Ada tata tertib tertentu harus dilakukan dan
ada pula larangan atau pantangan yang harus dihindari yakni taboo. Taboo atau pantangan adalah suatu pelarangan social yang kuat
terhadap kata, benda, tindakan, atau orang yang dianggap tidak diinginkan oleh
suatu kelompok, budaya, atau masyarakat. Pelanggaran taboo biasanya tidak dapat diterima dan dianggap menyerang.
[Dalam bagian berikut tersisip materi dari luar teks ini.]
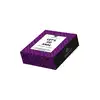 Pleasure Box - Let`S Go Anal For Anal Lovers. Zestaw erotycznych gadżetów analnych z wtyczkami i akcesoriami do higieny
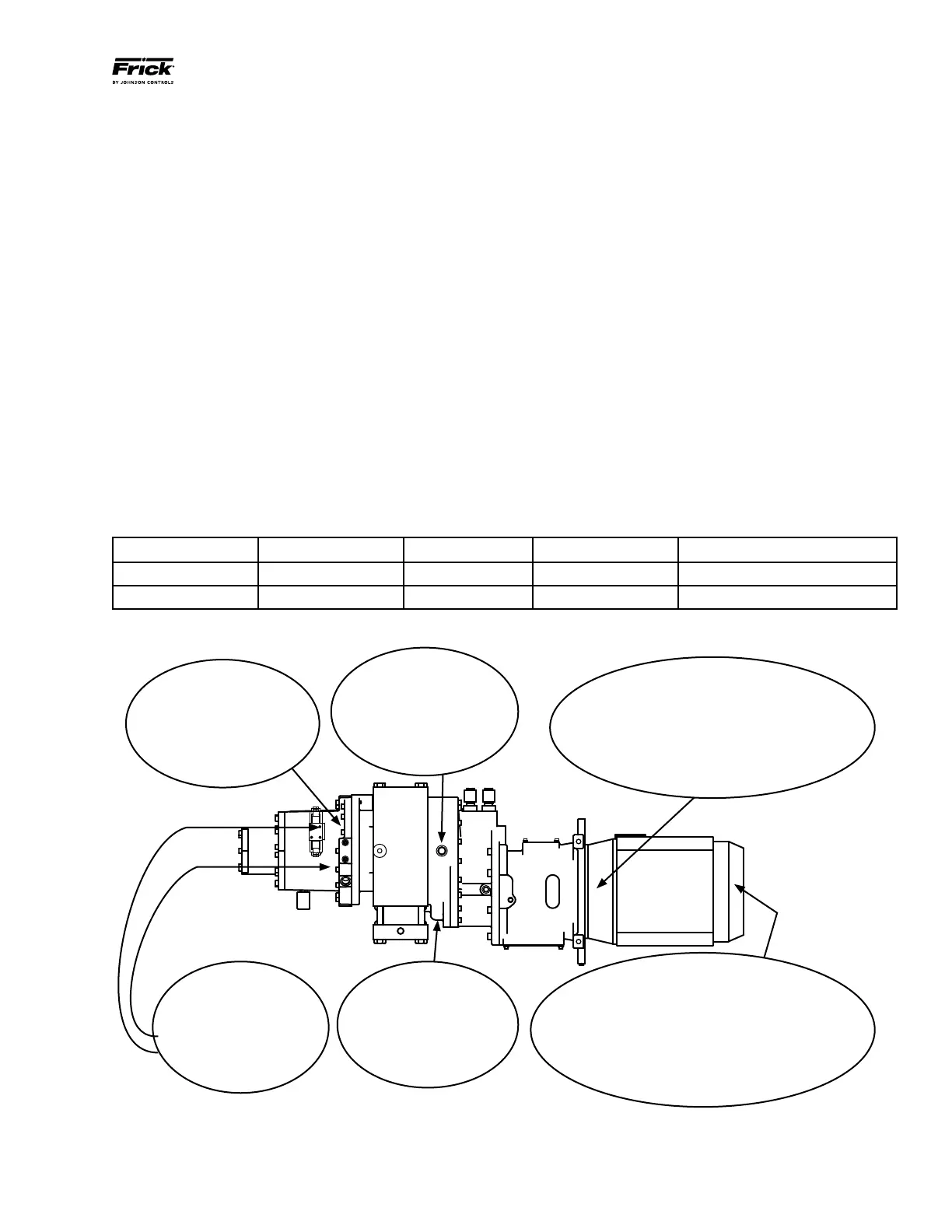Page #59 background image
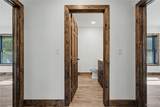 182 Mill Street - Photo 9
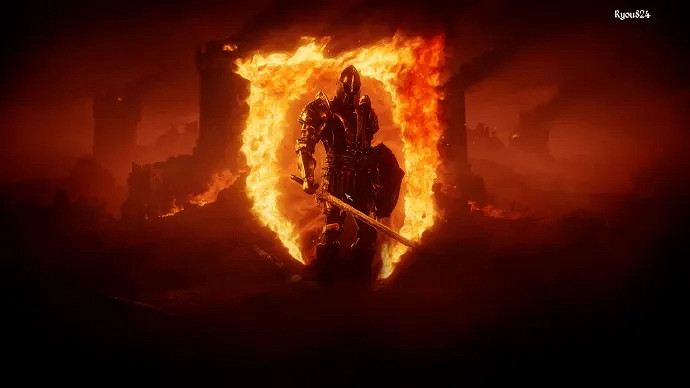 創最快紀錄!《上古卷軸4RE》N網mod數量6天破千! 創最快紀錄!《上古卷軸4RE》N網mod數量6天破千!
Beberapa tindakan atau kebiasaan yang bersifat taboo bahkan dapat dilarang secara hukum dan pelanggarannya dapat menyebabkan
pemberian sanksi keras. Taboo juga
dapat membuat malu, aib, dan perlakuan kasar dari sekitar. Taboo juga dipakaikan kepada pelanggaran yang sangat prinsipil
dalam ajaran suatu agama atau kepercayaan masyarakat seperti zina.
BAB
III
METODOLOGI
PENELITIAN
A.
Desain Penelitian
Dalam penelitian ini, peneliti menggunakan
pendekatan kualitatif. Pendekatan kualitatif adalah metode penelitian yang
menghasilkan dan mengolah data yang bersifat deskriptif. Pada penelitian ini
menggunakan metode kualitatif, dengan metode observasi dan wawancara.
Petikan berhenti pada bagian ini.